Ay, Pepe

Regresando en el Alvia desde Madrid, asistí a una anécdota muy curiosa. El tren arrancó para sorpresa de una mujer de unos 70 años –media melena rubia teñida y una blusa a manchas grises y negras– que empezó a echar de menos a su esposo, a quien le había ordenado traer un café. Esta, sorprendida, no pudo sino reprenderle por teléfono. Después llamó a su hijo y a una hermana para contárselo con cierta sorna, puede que nerviosa. Durante el viaje no hizo otra cosa que chatear por el móvil.
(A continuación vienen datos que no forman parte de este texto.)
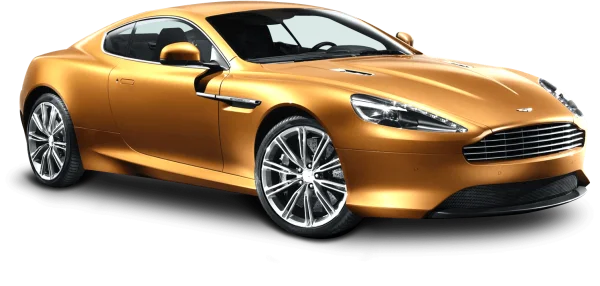 Golden Luxury Sports Car PNG Transparent Background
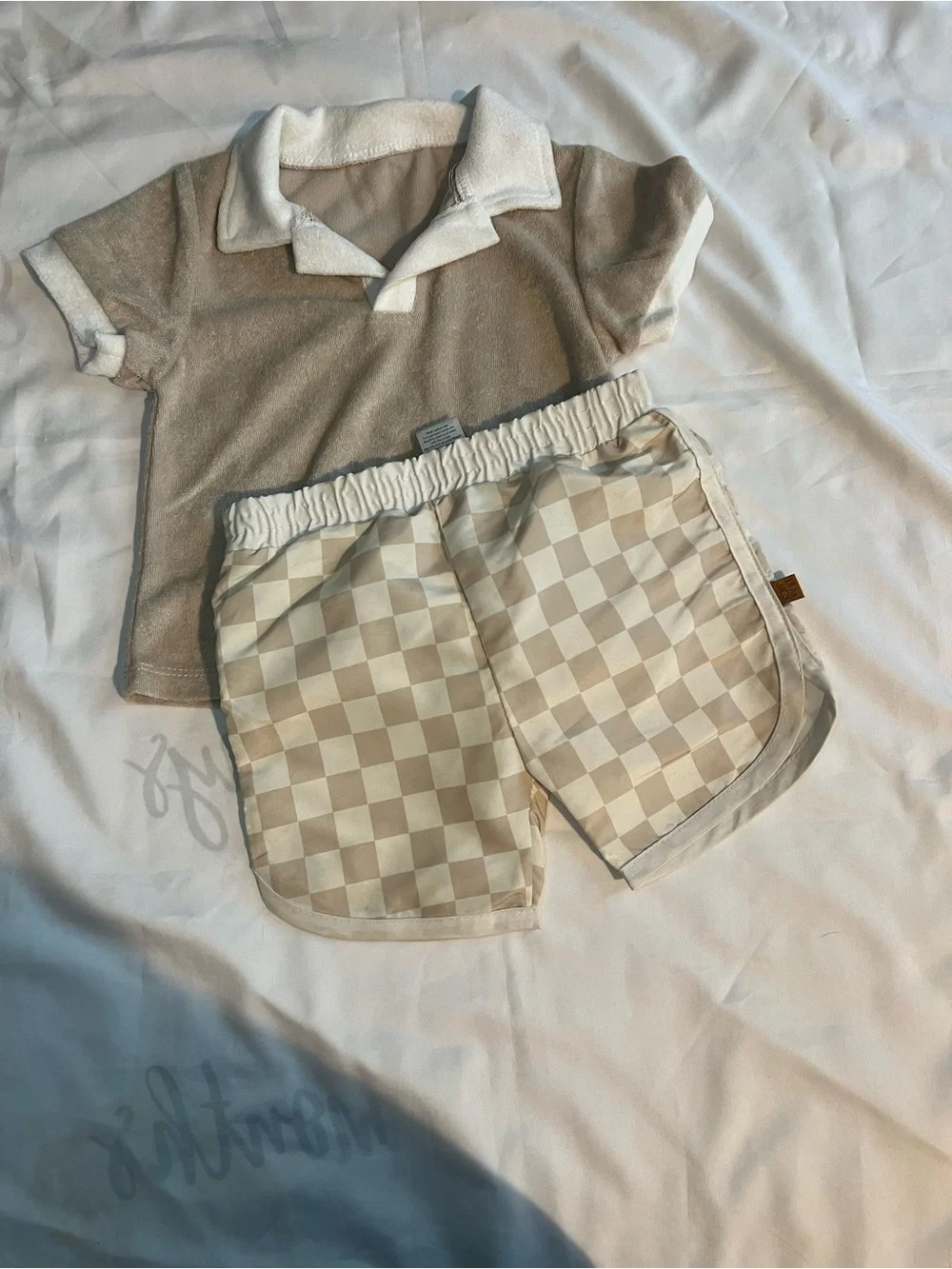 Lila & Jack Beige Terry Polo & Checkered Swim Shorts Set Neutral Two-Piece 2T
De su marido, solo sé que se llamaba Pepe.

Ay, Pepe, quién te mandaría ir a por un café a falta de diez minutos de que el tren arrancase, quién se olvidaría de anunciarte que no era necesario regresar a la estación, que en el coche 2 había una máquina y que con ese mejunje aguado me hubiera sido suficiente (bueno, te habría echado la bronca igual, pero me lo habría bebido). Ay, Pepe, con lo que yo te quiero. Y encima cargabas con mi abrigo. Con el frío que hará en Salamanca cuando lleguemos, que dicen que la niebla no ha levantado. Ay, Pepe, date prisa, anda, y coge un Autores, y dile que acelere, que has dejado abandonada a tu mujer con una fina blusa en pleno diciembre. Y sin el pintalabios. Ay, Pepe, lo que tengo que aguantar.

Ay, Pepe, quién te mandaría casarte con la Marisa, con lo bien que habrías vivido de soltero en casa de tu madre, llegando a mesa puesta y durmiendo a lo ancho de la cama de tu vieja habitación. Ay, Pepe, corre ahora a la estación de autobuses, en la otra punta de Madrid, paga un nuevo billete con tu escuálida pensión, llega una hora más tarde a Salamanca, aguanta la regañina de tu esposa por haberla dejado sin café y sin abrigo y soporta las risas de sus amigas en la próxima reunión. Ay, Pepe, si tuvieras dos cojones lo vendías y alquilabas una pensión para pasar lo que queda de puente en la capital, saliendo de chatos o viendo los museos que te has perdido sentado al otro lado de un probador. Ay, Pepe, pero si ya estás montado en el autocar, al lado de otro Pepe, qué curioso, al que le pides, por favor, que suba el gabán de su esposa a la bandeja para poder sentarte.

Ay, Pepe, qué esperabas que te depararía el mundo cuando tirabas piedras al maestro o recitabas de memoria el Padrenuestro. Ay, Pepe, qué bella te parecía Marisa cuando acudía al baile vestida con un atuendo juvenil de tela de a duro y cosido por su abuela. Y qué bien disimulabas que eras feliz cuando te anunció que tendriáis un hijo. También cuando por culpa (razón es más diplomático) de este pasabas las noches en vela antes de acudir a la fábrica. Ay, Pepe, menos mal que te queda el fútbol, aunque sean todos unos mercenarios que no cumplen con Hacienda y que salen con Marisas estupendas que, para tu fortuna, o eso piensas para que no te venza la envidia, también envían a sus maridos a por café cuando el tren está a punto de partir. Ay, Cristiano.